Но Витька не становился.
– Не выскакивай к автомату в тапках, – наставлял он и вешал трубку.
На вокзал Витька провожать себя не позволил. Расцеловал в первый раз папу Васю, обнял мать и растворился в толпе таких же, как он, стриженных и смешных.
А осенью весь подъезд поднял на ноги страшный, звериный вой. Всполошившиеся соседи выскакивали на площадки и испуганно переглядывались.
– Что это?
– У кого?
– В девятнадцатой…
Витькина мать билась головой о стену. Перепуганный папа Вася бегал вокруг неё и капал валериану мимо стакана.
– Витя, кровиночка!
И все вокруг заметили, что мать у Витьки маленькая и седая. А внизу стояли на лестничной площадке и зло переругивались двое военных с расстроенными и черными от загара лицами.
– Ну, блин, чтобы я ещё кого согласился везти!..
– Это же надо раньше извещения успеть…
– А что мне было, в камеру хранения его сдавать? И ждать, пока бумажка придет?
Папа Вася нелепый в своей пижаме и белый спустился к ним и трясущимися губами сложил:
– А как… он?
Военные посмотрели на него хмуро и подозрительно, но, видно, сообразили, кто, и один неохотно из себя выдавил:
– Когда обложили, гранатой себя рванул… Хорошо умер.
– Хорошо, – согласился папа Вася, и, всхлипнув, сел, как был, на оплеванный грязный пол.

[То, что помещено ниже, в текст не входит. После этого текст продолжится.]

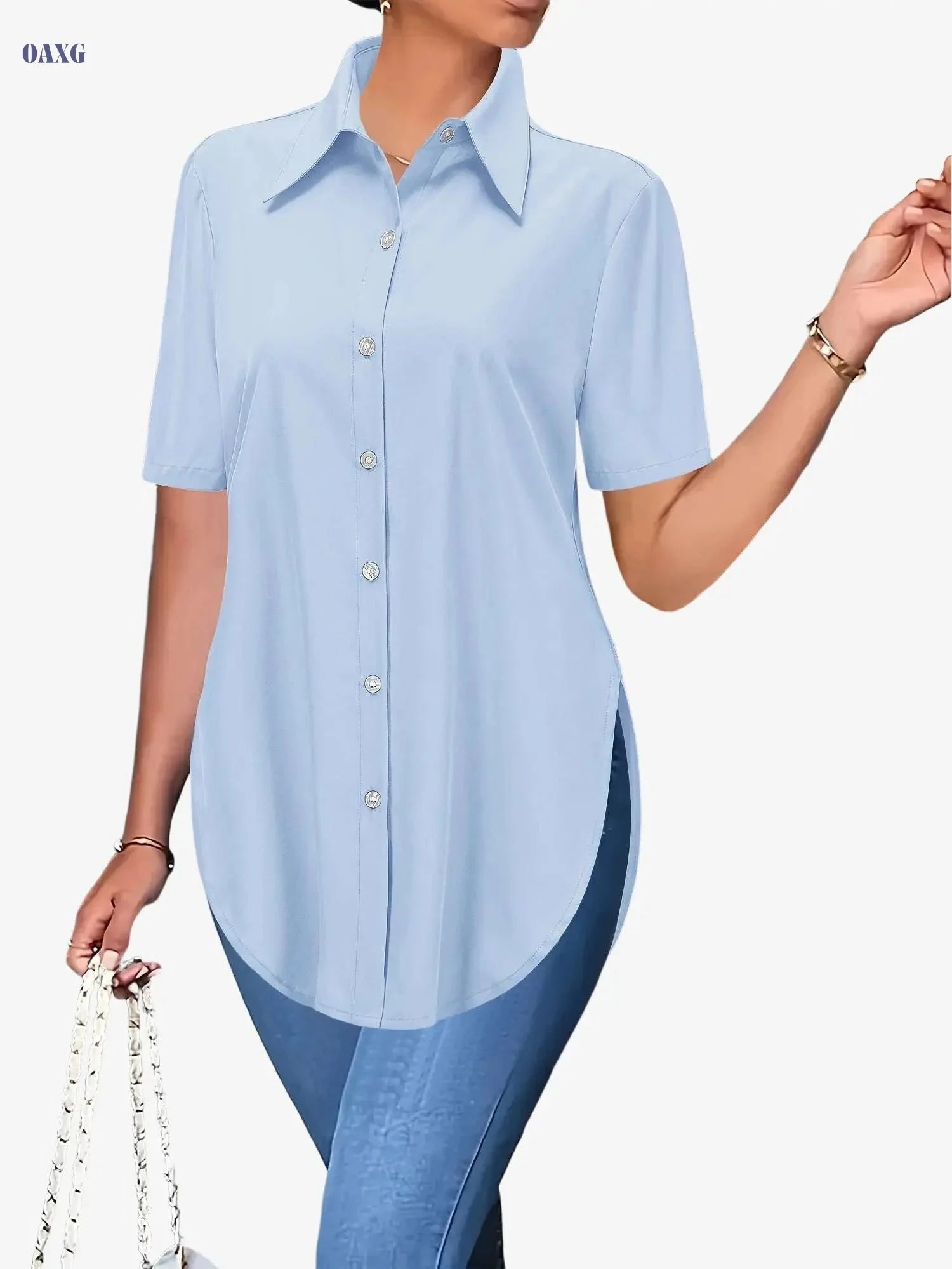 Casual Long-Sleeve Women's Shirt - Semi-Sheer, All-Season Style   OAXG Yellow / S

Хоронили Витьку быстро. Похороны старались провести раньше, чем слух о них облетит город, но город был. Пьяный Клёпа рвал на себе рубашку и кричал, что пойдёт в Афган, были учителя из шестьдесят третьей и тридцать седьмой и стайка напуганных однокурсниц. Витькину мать оттаскивали от гроба и говорили слова. Смотрели, и, придавленные медью оркестра, о чем-то неуместно громко шептались. С кладбища расходились оглушённые и растерянные, как будто не понимали, почему в гробу, почему Витька? И еще заметили, что больше всех убивается почему-то и ближе всех держится к его матери несчастная, зарёванная Ленка Самохина. А потом рядом с ним положили Голованова, и Витьку забыли.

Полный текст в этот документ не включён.